Why do you believe García Márquez’s work resonates with an international audience?
The troubled yet timeless story of Macondo—the fictional Colombian backwater of García Márquez’s novels—is the story of the developing world caught between steadfast tradition and rapid modernization, old belief systems and spellbinding new inventions, local power struggles and invasive foreign interests. While certainly a best-selling phenomenon in Europe and the United States, I’d say that García Márquez’s work has been best received by new readers from India, Africa, the Middle East, the Caribbean and, of course, Latin America, regions with long histories of colonialism and dependency whose paths to “progress” and modern literacy itself are full of the fierce excesses, contradictions, and ironies that characterize his fiction.
Who are some contemporary authors who show elements of García Márquez’s literary style?
Recent authors in Latin America today show few traits of magical realism, García Márquez’s signature style at the height of his popularity. While writers such as Isabel Allende brought a fascinating feminist angle to magical realism, new trends have emerged since the “boom” days so that fiction from Latin America today is no longer synonymous with myth or magic. There’s the dirty realism of Pedro Juan Gutiérrez and Zoe Valdés in post-Soviet Cuba, the movie-and-pop-informed cosmopolitanism of Alberto Fuguet (Chile) and Jorge Volpi (Mexico) from the McOndo and Crack generation of writers, and the revamping of the detective procedural by Ricardo Piglia (Argentina), Roberto Bolaño (Chile), and Leonardo Padura (Cuba). Yet all these trends bear the stamp of García Márquez’s influence in one way or another since his legacy cannot be limited to just magical realism.

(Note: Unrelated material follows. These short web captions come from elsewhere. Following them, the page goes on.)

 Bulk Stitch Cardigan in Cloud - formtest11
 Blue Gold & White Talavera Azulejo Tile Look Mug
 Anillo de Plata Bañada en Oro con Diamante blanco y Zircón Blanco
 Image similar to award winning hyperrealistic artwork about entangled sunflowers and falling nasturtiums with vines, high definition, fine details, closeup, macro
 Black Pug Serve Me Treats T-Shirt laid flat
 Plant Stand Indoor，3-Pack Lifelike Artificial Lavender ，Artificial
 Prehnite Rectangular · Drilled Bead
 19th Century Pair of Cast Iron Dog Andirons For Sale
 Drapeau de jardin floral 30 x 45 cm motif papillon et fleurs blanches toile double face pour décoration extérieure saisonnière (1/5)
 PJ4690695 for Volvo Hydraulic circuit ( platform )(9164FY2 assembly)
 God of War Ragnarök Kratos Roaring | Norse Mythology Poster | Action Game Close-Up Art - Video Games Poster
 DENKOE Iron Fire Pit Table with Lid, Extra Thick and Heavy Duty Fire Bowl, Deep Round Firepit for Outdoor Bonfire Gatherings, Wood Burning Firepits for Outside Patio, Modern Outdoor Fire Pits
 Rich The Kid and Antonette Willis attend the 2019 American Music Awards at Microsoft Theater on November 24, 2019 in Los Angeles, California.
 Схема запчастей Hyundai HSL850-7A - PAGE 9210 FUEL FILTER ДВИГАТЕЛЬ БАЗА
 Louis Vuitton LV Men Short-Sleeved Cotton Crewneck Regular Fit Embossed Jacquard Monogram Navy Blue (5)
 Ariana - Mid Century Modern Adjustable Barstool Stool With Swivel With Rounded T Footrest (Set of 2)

He also dealt with gritty realism in his journalism on cartel kidnappings in Colombia, with movie lore in his many film reviews and scripts, and with reinventing crime fiction in novels such as In Evil Hour and Chronicle of a Death Foretold.
Would an author today be able to parallel the scale of García Márquez’s influence?
I don’t think any author today can and should aspire to match Gabo’s popularity and influence. They should be inspired by his vision, his discipline, and his persistence, not by the scale of his success. Emblematic masterworks of the magnitude of Don Quixote and One Hundred Years of Solitude only happen once every few centuries.
What is your interest in participating in this symposium?
I have been a reader of García Márquez since I can remember. I became a fan of his work while growing up in Puerto Rico. I can recall clearly being swept by a big wave of wonder and recognition when first reading Eréndira, A Old Man With Enormous Wings, and the rest of his exquisitely crafted short fiction. These fables were about the contradictions of modernity in countries like mine and reminded me of stories and experiences told in my own family. My encounter with One Hundred Years of Solitude led me to consider becoming a scholar of Latin American literature. In many ways, that book decided my academic career.